[Rd] S4 methods semantics questions
Byron Ellis
ellis at stat.harvard.edu
Fri Mar 25 22:34:24 CET 2005
On Mar 25, 2005, at 7:26 AM, John Chambers wrote:
> Byron Ellis wrote:
>
>> Some quick questions about S4 methods.
>> Does the typing of S4 methods mean that lazy evaluation is no longer
>> possible? It seems that you would need to evaluate the arguments to
>> determine their type at dispatch.
>
> Yes, it would be a neat trick to know the class of an actual argument
> without evaluating it ;-)
True enough. Though I suppose you could have done something with
arguments that are method calls by inspecting valueClass to at least
limit the set of possible types. :-)
>
> However, the evaluation proceeds stepwise until a unique method
> matches, so that arguments not needed to do the dispatch will not yet
> be evaluated. The order of evaluation is controlled by the signature
> of the generic, by default all the arguments in order, but specifiable
> via the signature= argument to setGeneric.
>
>> Second, what role, if any, do default arguments play in S4 methods? I
>> notice that you can put default arguments into generics but that the
>> dispatch is still done on the type of the calling argument rather
>> than the default argument, though the default arg is substituted.
>
> Yes, dispatch depends on the call, not on the default expressions for
> the arguments. If an actual argument is missing, the dispatch tries
> to match "missing" or "ANY".
>
>> However, default values for arguments in method definition seem to be
>> stripped or, more likely, overridden at dispatch by the calling
>> argument (i.e. "missing").
>> Some examples:
>> setGeneric("foo",function(x="bar") standardGeneric("foo"))

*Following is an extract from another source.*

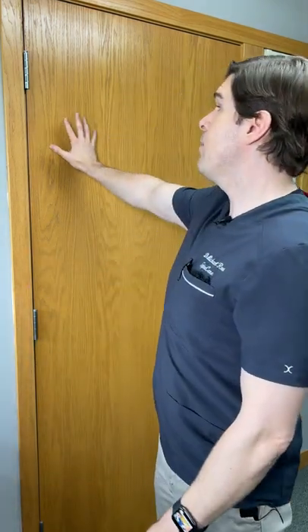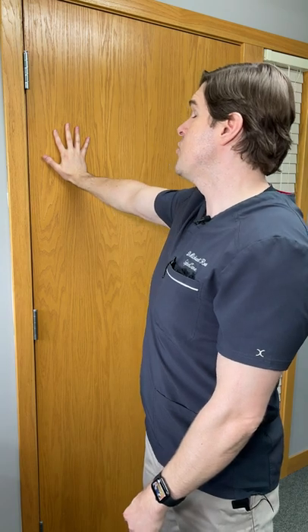Here's how to relieve carpal tunnel syndrome in seconds with a really easy median nerve floss. Go next to a smooth wall or a door. Straighten your arm, put your hand against the door, and spread your fingers out as much as you can.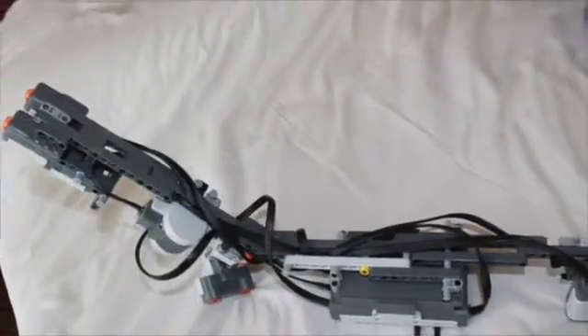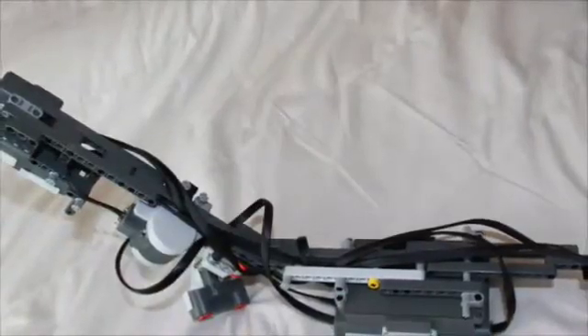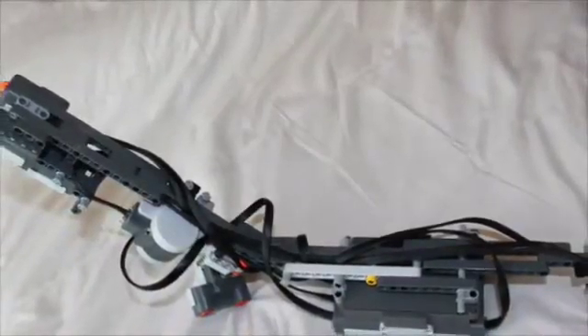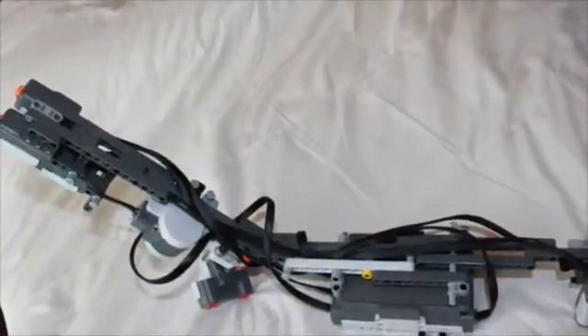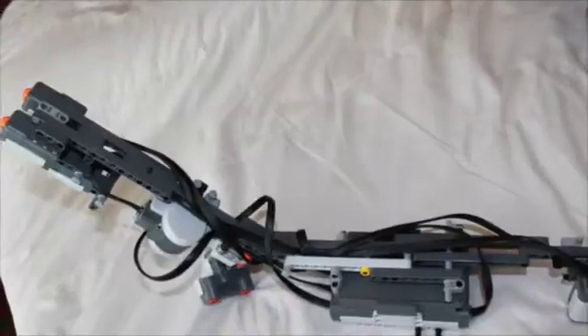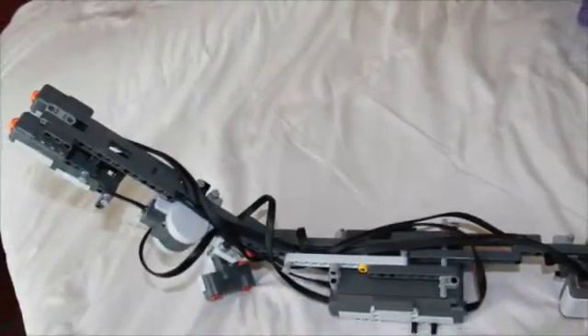This is the entire project, all wired up and ready to be used. The first program I plan to run is the color sensor program, which will help the blind person actually hear or listen to the color that is in front of them. I've used post-it notes for simplicity, and the blind person just has to place the color in front of the color sensor, as shown here.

>> setMethod("foo","missing",function(x) print(x))
>> >foo()
>> [1] "bar"
>> setGeneric("foo",function(x,y) standardGeneric("foo"))
>> setMethod("foo","numeric",function(x,y=2) x+y)
>> >foo(1)
>> Error in foo(1) : argument "y" is missing, with no default
>
> Well, the intent is that defaults are indeed taken from the method, if
> there is a default there, otherwise from the generic. It looks as if
> there is a bug in the case that the generic has NO default for that
> argument (unless, of course, it's a subtle feature, but not that I can
> think of at the moment).
>
> Your example works as intended if there is a default expression for y
> in the generic:
>
> R> setGeneric("foo",function(x,y=stop("Need y"))
> standardGeneric("foo"))
> [1] "foo"
> R> setMethod("foo","numeric",function(x,y=2) x+y)
> [1] "foo"
> R> foo(1)
> [1] 3
>
Ah, interesting. I can't decide if thats a feature or a bug either :-)
>
>> ---
>> Byron Ellis (ellis at stat.harvard.edu)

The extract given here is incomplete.